Bondi Beach : Chikli critique l’absence de reconnaissance de l’islam radical comme origine de l’attaque

Dans une lettre à Tony Burke, le ministre évoque l’attentat antisémite et propose une 'une vaste expérience dans la lutte contre le terrorisme islamique radical et l’antisémitisme'

Le ministre des Affaires de la diaspora, Amichai Chikli, à la Knesset le 24 décembre 2025. (Crédit : Yonatan Sindel/Flash90)

Dans une lettre adressée au ministre australien de l’Intérieur Tony Burke, le ministre des Affaires de la diaspora Amichai Chikli a proposé l’aide d’Israël pour former les forces antiterroristes australiennes.

Cette offre fait suite à l’attentat terroriste antisémite meurtrier perpétré le mois dernier lors d’une célébration de Hanoukka sur la plage de Bondi Beach, au cours duquel des terroristes ont assassiné 15 personnes.
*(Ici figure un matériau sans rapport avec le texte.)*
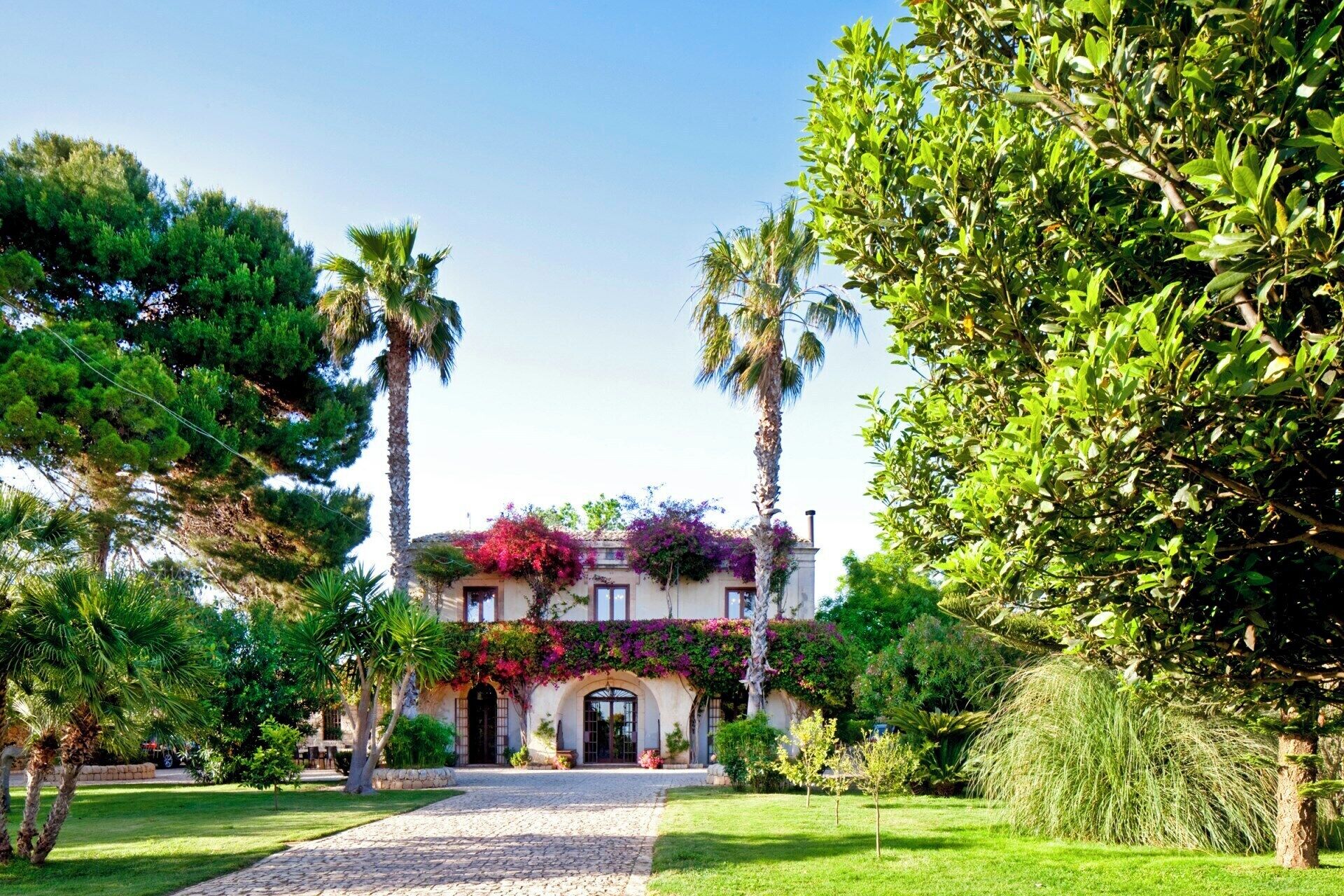 Eine Villa im mediterranen Stil mit Kopfsteinpflasterauffahrt, umgeben von üppiger Vegetation und Palmen.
Le gouvernement israélien a accusé les autorités australiennes de laxisme face à la montée de l’antisémitisme dans le pays, estimant que celui-ci a contribué à l’attaque.
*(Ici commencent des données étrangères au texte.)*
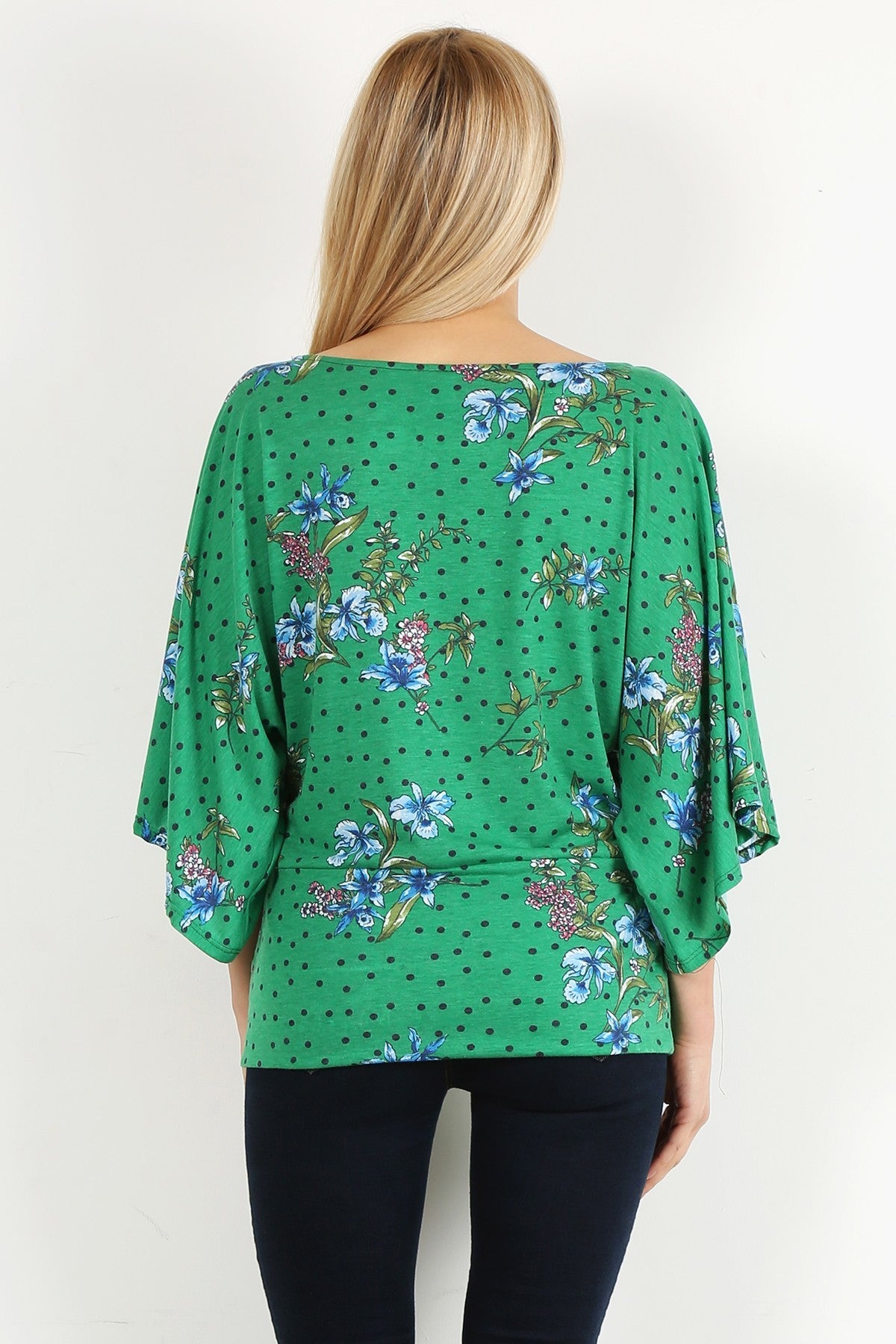 Green Floral Curvy Top with Bell Sleeves and Round Neckline, fitted at the hips.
Dans sa lettre de Nouvel An, Chikli écrit qu’Israël est « prêt et disposé à aider l’Australie en cette période critique ».

« Nous apportons une vaste expérience dans la lutte contre le terrorisme islamique radical et l’antisémitisme, des menaces qui sont malheureusement devenues de plus en plus courantes, visibles et dangereuses, non seulement en Australie, mais dans le monde entier », écrit-il.

« C’est pourquoi nous serions heureux d’accueillir et de former en Israël des officiers supérieurs de police et des agents de sécurité australiens, afin de partager notre expertise et nos meilleures pratiques en matière de lutte contre le terrorisme et l’antisémitisme », ajoute-t-il.

Chikli estime par ailleurs que la reconnaissance par l’Australie du caractère extrémiste de l’attaque « reste en deçà d’une identification directe de l’islam radical comme idéologie motrice de cet attentat ».


« De même, le fait que le Premier ministre Albanese et la ministre des Affaires étrangères Penny Wong n’aient pas clairement nommé la source de cette violence – l’islam radical – compromet la capacité à y faire face », écrit-il.